Climate change ‘major force shaping future of sub-Saharan Africa’


Promoting digital literacy and identifying the skills to let the next generation work with technology are crucial, says the IMF's Christine Lagarde.

International Monetary Fund (IMF) Managing Director Christine Lagarde. Picture: ANA

Climate change is the major force shaping the future of work in sub-Saharan Africa, says managing director of the International Monetary Fund (IMF), Christine Lagarde.

Lagarde made the statement in her opening remarks at an IMF conference on the future of work in sub-Saharan Africa, co-hosted by the Ghanaian government in Accra today.

Demographics, technology and climate change were the three major forces shaping the future of the region, she said, with climate change being “the major force”.

“IMF research shows that climate change is expected to hit low-income countries the hardest: a 1-degree Celsius rise in temperature could cause low-income countries to experience a 1.5 percent fall in GDP on average,” Largarde said.

The region’s population was expected to increase from about 1 billion to 1.7 billion by 2040, she said, and the labour force would increase at double the rate of the last decade.

“As a result, sub-Saharan Africa needs to create 20 million jobs per year to keep up with its growing labour force.”

Making policy decisions in the face of such highly uncertain trends was challenging, she said, but the IMF had developed three scenarios for the region that could happen “depending on how policymakers tackle the forces of demographics, technology and climate change”.

The scenarios offered an opportunity to explore how policy choices influenced the future.

In the first scenario, Africa Adrift, automation would lead to reshoring of manufacturing to advanced economies, which meant that the traditional manufacturing export-led growth model would not be viable. Large investments in infrastructure that promoted manufacturing exports would be wasted.

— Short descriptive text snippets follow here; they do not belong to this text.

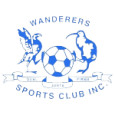 Hamilton Wanderers logo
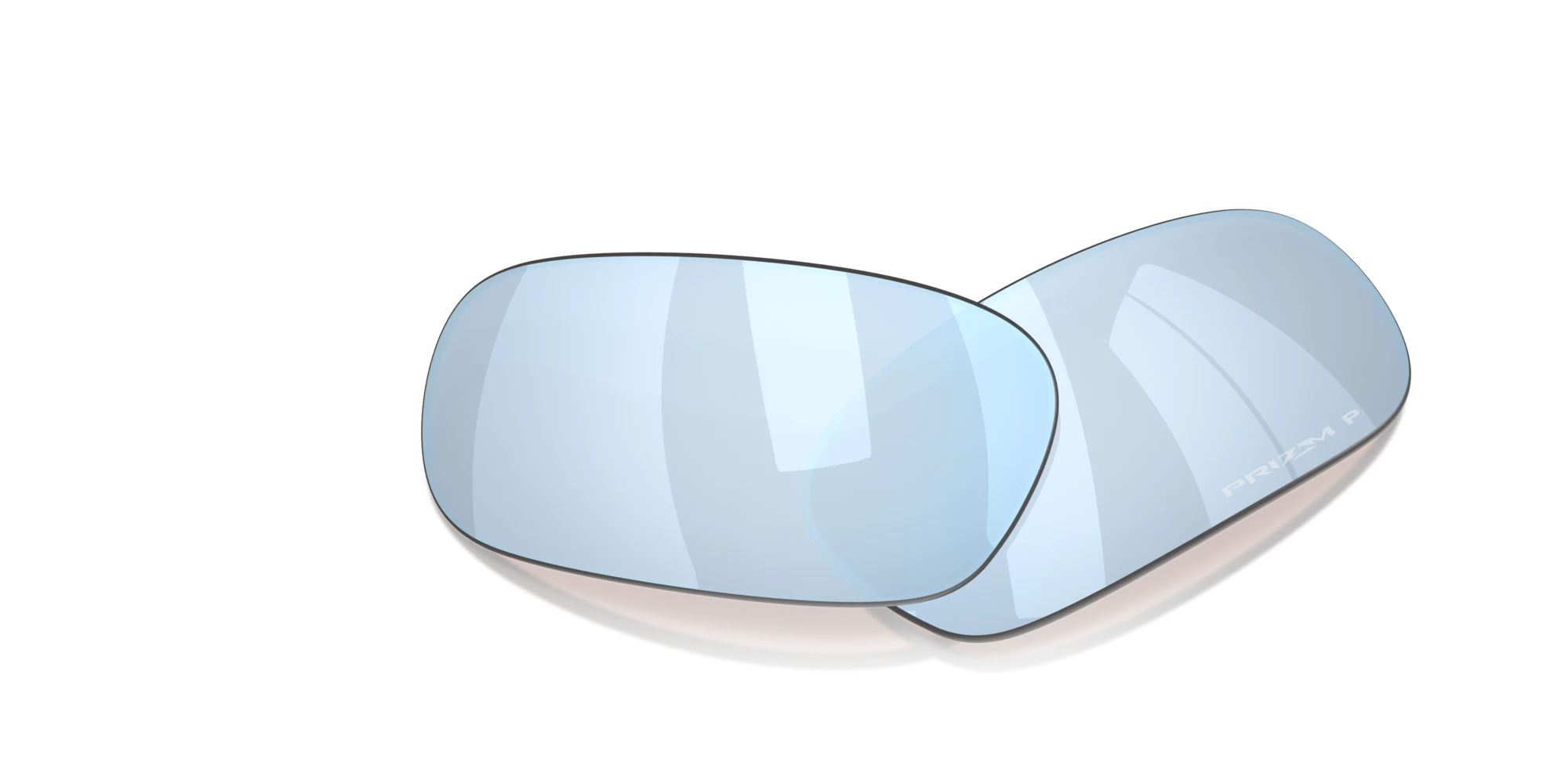 OAKLEY AOO9522LS Highland 000004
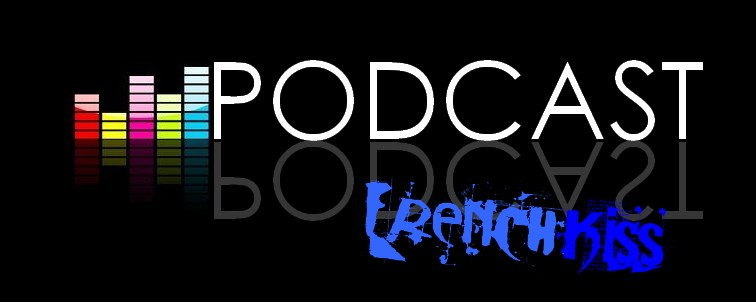 podcast's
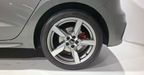 Audi A1 2.0 SB 40 TFSI S LINE DCT Hatchback 2023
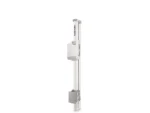 MINN KOTA Talon 12 ft. - White/White | 1810455 - SHIPPING CHARGES APPLY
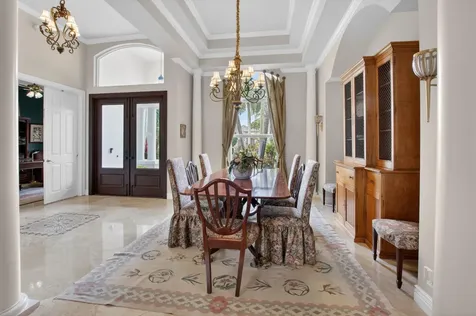 21166 Falls Ridge Way Boca Raton FL 33428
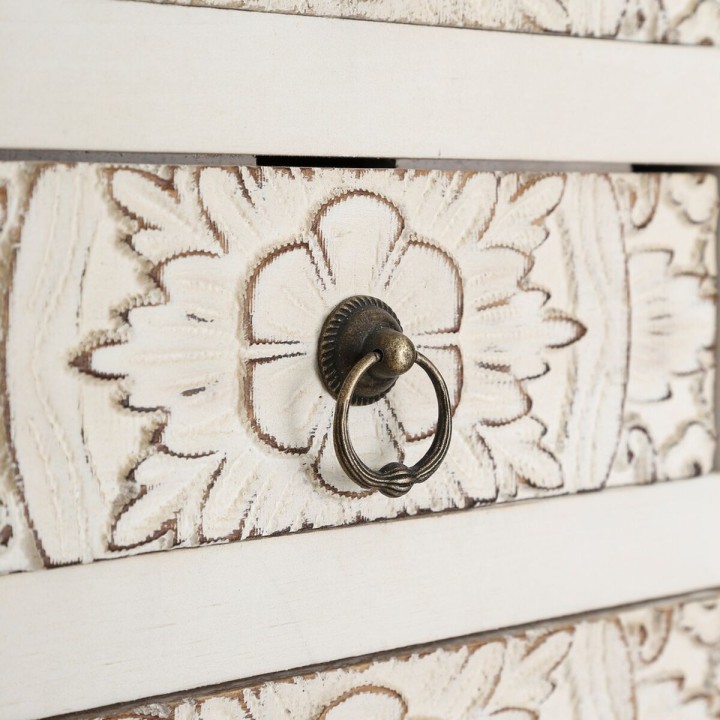 photo et carte imprimées ou numériques ou code SC Cadeau 1CREDIT  pour 4articles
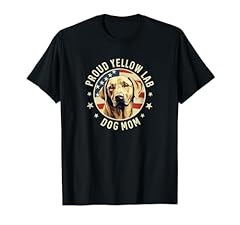 Yellow lab gifts for sale  Delivered anywhere in USA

The second scenario was Africa for Africa, wherein trade tensions increased and inward-looking policies became more commonplace. These changes would be fuelled by technology radically displacing workers and increasing income inequality.

The final scenario was Africa Arisen. “This is a world in which technology increases productivity for all and global economic cooperation leads to decisive action to mitigate the adverse effects of climate change.”

In this scenario, Lagarde said, sub-Saharan Africa would successfully harnesses new technologies and create an emerging vibrant middle class.

Highlighting education and digital connectivity policy, Lagarde said that in the Africa Arisen scenario, the region could succeed in harnessing the benefits from new technologies, but “to get there we will need a well-trained labour force with the right skills”.

“Despite successes in primary education, sub-Saharan Africa lags behind in secondary education. The share of children in the region who attend secondary school is just 30 percent, the lowest in the world.

“And simply increasing enrolment is unlikely to be enough. We need to promote digital literacy and identify the skills that will allow the next generation to work with and take advantage of technology rather than be replaced by it.”

A second area to focus on was digital infrastructure, she said.

“Africa has made progress bypassing landlines and leapfrogging directly to mobile phones. At the same time, only 20 percent of the population has internet access, less than half the world average. Broadband services often remain prohibitively expensive.”

IMF research had shown, she said, that there was a potential to raise three to five percent of GDP in domestic revenues by improving the efficiency of the tax system and through institutional reforms.